Una vez exhumados, los restos eran llevados hasta la orilla del mar, donde se realizaba el baño de sal, el agua salada purificaba el alma, facilitaba su tránsito al más allá y protegía los huesos de las malas energías y los insectos. Al concluir el lavado, las osamentas se secaban con trapos de algodón y se dejaban al aire libre; mientras esperaban, los hombres brindaban con aguardiente y las mujeres compartían una copa de anís, entre risas nostálgicas y canciones dedicadas, recordaban al ser querido, cada nota era un suspiro, una forma de mantener su presencia entre los vivos.
Finalmente, los huesos se colocaban en pequeñas cajas de madera hechas del corazón de un árbol resistente, junto con flores aromáticas; como si el perfume guiara al alma hacia la eternidad. Este ritual, según los relatos, era un acto sagrado de amor y memoria, distinto al Choo Ba’ak que se celebra en Pomuch; pues este se realizaba sólo una vez, tres años después del deceso, como un puente simbólico entre la vida y la muerte.
Las historias fueron recogidas de voces que conocieron el Champotón del siglo XX: Guillermo Rosado, María del Carmen Rendiz Baeza, Lilia Rendiz Baeza, María Nunza, Candita “La Negrita”, Alberto Lanz Barrera, Joaquín Flores, y María Magdalena Aguirre, todos ellos que ya abandonaron este plano terrenal, pero que fueron documentadas por el maestro Onecíforo Castillo Flores.
Este pasaje se encuentra registrado en las páginas 119 y 120 del libro Leyendas de Champotón, del autor Mario Mijangos Sandoval (2022). Del mausoleo antiguo que aún se levanta en los pasillos del cementerio no existen registros oficiales que indiquen si los osarios de los siglos XIX y XX formaron parte de aquel ritual. Sin embargo, no se descarta la posibilidad. Debido a su deterioro estructural, no ha sido posible restaurarlo.
Durante un recorrido por el lugar, se halló una pila antigua, erosionada por el tiempo, con un tubo que alguna vez drenó agua salada. Se cree que allí, quizá, se lavaban las osamentas y no directamente en el mar, como narran las historias.
Un panteón que vive a través de sus leyendas
Entre sus piedras, el viento parece susurrar memorias olvidadas. En entrevista exclusiva para POR ESTO!, José Onecíforo Castillo Flores explicó que, aunque no existan registros oficiales, Champotón ha sido históricamente un municipio pluricultural, donde conviven diversas etnias y múltiples tradiciones.
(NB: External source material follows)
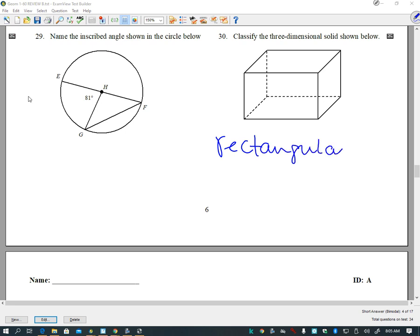Question 30: classify the three-dimensional solid. That should be a rectangular prism. We don't have enough information to call it a square prism or a cube — the closest we can get is a rectangular prism.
Recordó que en 1994 inició una investigación sobre el vestuario y la música de la región, proyecto que culminó en 2015 bajo el título Champotón de mis amores, durante la cual conversó con los personajes que le narraron el ritual del lavatorio de huesos, interpretado como una purificación del alma y del cuerpo. “Hoy, aunque el ritual ya no se practica, su memoria sobrevive gracias a las historias que la gente antigua nos heredó”, señaló Castillo, tras una pausa, agregó “Todo cambia… las tradiciones cambian.
Quizá la globalización tenga mucho que ver”. Aunque no existen registros oficiales sobre el origen del camposanto, en él reposan tumbas que datan de los siglos XIX y XX, como la del célebre escocés José Mac-Dougal Beynon Cranston que data de 1886. Desde hace muchos años, cada Día de Muertos y cada 28 de agosto, fecha de su fallecimiento, su sepultura amanece adornada con flores frescas. Nadie sabe quién las coloca.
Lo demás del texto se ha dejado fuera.